Enhanced binding and inhibition of SARS-CoV-2 by a plant-derived ACE2 protein containing a fused mu tailpiece

Abstract

Infectious diseases such as Coronavirus disease 2019 (COVID-19) and Middle East respiratory syndrome (MERS) present an increasingly persistent crisis in many parts of the world. COVID-19 is caused by severe acute respiratory syndrome coronavirus 2 (SARS-CoV-2). The angiotensin-converting enzyme 2 (ACE2) is a crucial cellular receptor for SARS-CoV-2 infection. Inhibition of the interaction between SARS-CoV-2 and ACE2 has been proposed as a target for the prevention and treatment of COVID-19. We produced four recombinant plant-derived ACE2 isoforms with or without the mu tailpiece (μ-tp) of immunoglobulin M (IgM) and the KDEL endoplasmic reticulum retention motif in a plant expression system. The plant-derived ACE2 isoforms bound whole SARS-CoV-2 virus and the isolated receptor binding domains of SARS-CoV-2 Alpha, Beta, Gamma, Delta, and Omicron variants. Fusion of μ-tp and KDEL to the ACE2 protein (ACE2 μK) had enhanced binding activity with SARS-CoV-2 in comparison with unmodified ACE2 protein derived from CHO cells. Furthermore, the plant-derived ACE2 μK protein exhibited no cytotoxic effects on Vero E6 cells and effectively inhibited SARS-CoV-2 infection.

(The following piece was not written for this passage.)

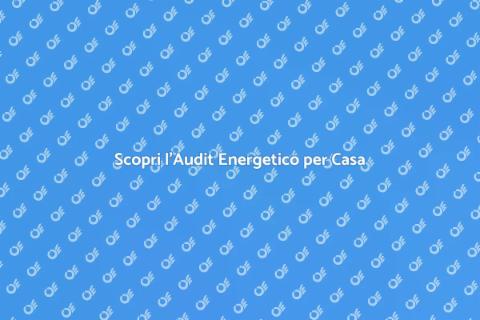 Audit Energetico Domestico: Scopri di Più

The efficient and rapid scalability of plant-derived ACE2 μK protein offers potential for the development of preventive and therapeutic agents in the early response to future viral outbreaks.

Keywords: ACE2; COVID-19; IgM mu tailpiece; SARS-CoV-2; plant expression system; plant molecular farming; recombinant protein.